Seriously. Beastly heads both live and layered for recording.

Also, the JVMs aren't bad for a more modern sound.


----------



## HeHasTheJazzHands (Sep 24, 2013)

will_shred said:


> Angus Young and Jimmy Page used 800's right?



Nope, and nor did Slash, I believe. AFD was a Tim Caswell-modded Marshall '59 and UYI was a Silver Jubilee. Page used... whatever was available in the '70s. He used a shitload of different brands. and Angus used pre-1981 Marshalls, but never a JCM800. I think the only post-1980 amps he used were Mesa Boogie Quad pres and Marshall JMP-1 pres. 

But yeah, with enough tweaking and with a boost, you can get a non-JVM Marshall like a JCM900 or JCM2000 (TSL or DSL) to do modern stuff. A stock JCM800 2203KK can probably do it stock and a JVM definitely can.


----------



## MrPowers (Sep 24, 2013)

Am I the only Marshall fan that really hated the JVM410? I demoed one and it was just terrible. It was extremely loose and sounded grainy and fizzy. It felt like it had no balls.

I love the DSL and JCM 800 for modern metal though.


----------



## metaljohn (Sep 24, 2013)

The DSL. Learn how to eq that thing and you'll have the best amp ever.


----------



## Chuck (Sep 24, 2013)

Check out the band Every Time I Die. They use JCM800's a lot in the studio and exclusively live. Their tone is awesome.


----------



## Alphanumeric (Sep 24, 2013)

Depends what time of modern metal.

Modern prog or core, tech, no, just doesn't cut it, low end not big and/or tight enough, mids too smooth not grinding, and the gain completely different in character, works better for leads here.

Modern versions of already established genres, nwoahm, Marshalls are used a LOT for Melodeth and death metal, thrash which are all experiencing a kind of revival.


----------



## MaxSwagger (Sep 24, 2013)

One of the best live guitar tones I've ever heard was Arsis using JCM900 SL-X's through Vader 4x12's, boosted with a TS9. One thick bitch.


----------



## VBCheeseGrater (Sep 24, 2013)

Hatebreed used Marshalls when i saw them a few times back in 2007ish, not sure if they were JCM800 or DSL/TSL though. I remember during soundcheck i was blown away, sounded absolutely bad ass.

I personally dig the DSL, my other guitarist has a Jubilee (silver??), JCM800 and sold a DSL, I used to play though the DSL alot and really dug the tone, plenty of gain for my needs.


----------



## Sdrizis89 (Sep 24, 2013)

I have a jcm900 at home (my fathers) and with an EQ in the loop and an OD808 in front i was able to get some very good tones out of it. Now when i compare that to my engl savage i much prefer the engl but still the JCM 900 is usable, but maybe not a first choice for some people.


----------



## cGoEcYk (Sep 24, 2013)

StateOfSerenity said:


> Modern prog or core, tech, no, just doesn't cut it, low end not big and/or tight enough, mids too smooth not grinding, and the gain completely different in character, works better for leads here.

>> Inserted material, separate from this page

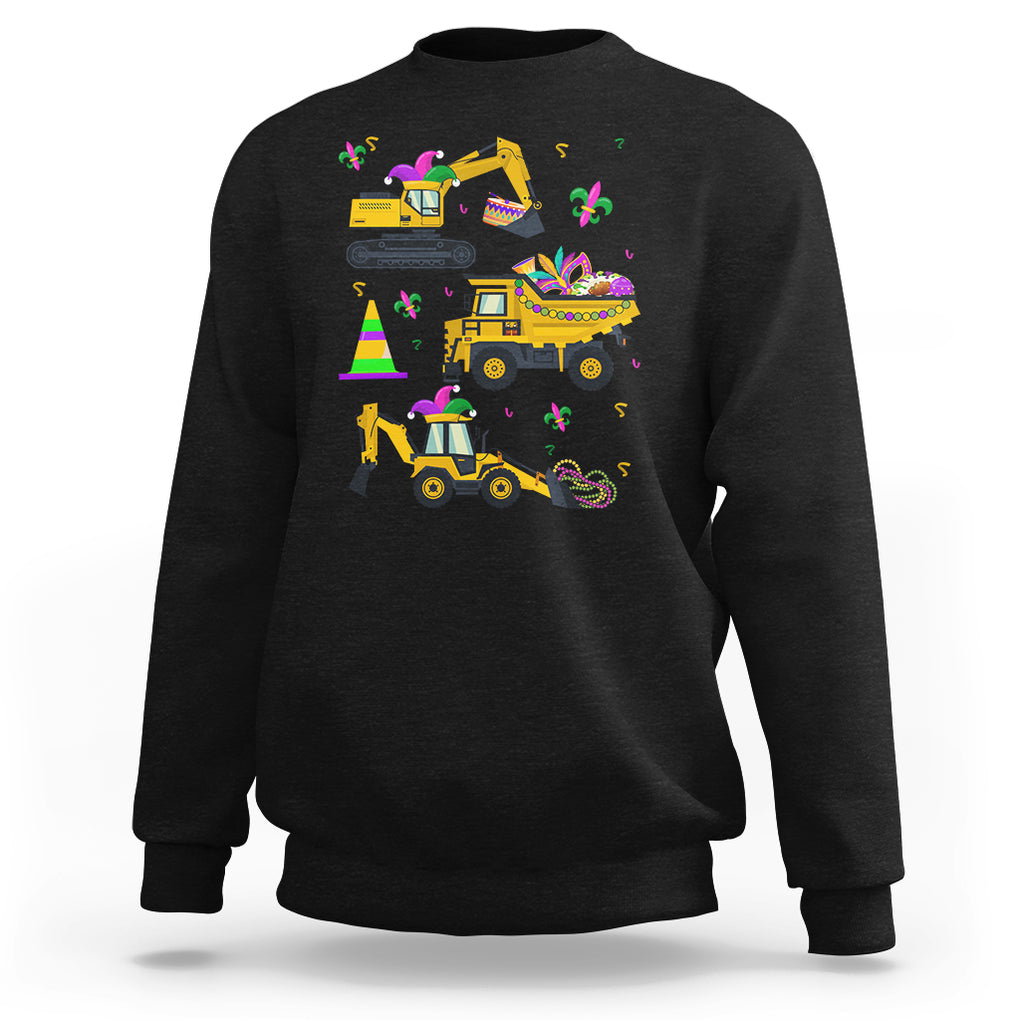 Mardi Gras Sweatshirt Jester Construction Vehicle Truck Fat Tuesday New Orleans TS09 Black Printyourwear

Thanks, this was exactly what I was wondering.


----------



## TheWarAgainstTime (Sep 24, 2013)

The JVM410 does modern metal for days


----------



## HeHasTheJazzHands (Sep 24, 2013)

Plus, this guy has a lot of videos of him doing metal with a DSL and a VS100.

surfacexmusic - YouTube


----------



## op1e (Sep 24, 2013)

I've been trying like hell to get my old JCM900 mkIII back from a guy at work. He's just a hobbyist and it sits dusty. That and the SLX are the heads to have. High gain and you can leave the diode shit out.


----------



## kamello (Sep 25, 2013)

JVM, or a KK if you give a shit about versatility  

here you can hear the KK in a more modern context than Slayer




also, anybody knows wich Marshall is this?


----------



## HeHasTheJazzHands (Sep 25, 2013)

A TSL100.












Oh, I think the Marshall 6100 can also do modern metal, too.


----------



## kamello (Sep 25, 2013)

I tried a JCM 2000 and I just couldn't justify the price, although the employees at the store where I was trying it didn't let me crank it...probably one of the worst sounding amps I've heard at low volumes


----------



## Sinborn (Sep 25, 2013)

a JCM800 with a CLEAN BOOST (no overdrive) in the front is a fun dirty old-school formula for killer metal tone. An old bandmate from a lame cover band had an old 50 watter he was running a dumb mesa tube pedal for the distortion. I ditched it and used a Boss 10 band EQ (like Jeff Hanneman I think) in the high gain input and let me say, you could saw china cymbals in half with that sound. Loudest 50 watts I ever heard. It just sounded better the more you turned it up. My buddy tried to get him up off it with zero luck. I know that amp is rotting in his basement...


----------



## iron blast (Sep 25, 2013)

My jvm 210 is insane its even got an edge over my mesa triple rectifier. It will play black metal, thrash, 80's, death metal prog you name it. You just need a boost and a gate


----------



## kiyomorayodo (Sep 25, 2013)

Interesting how Marshalls are experienced.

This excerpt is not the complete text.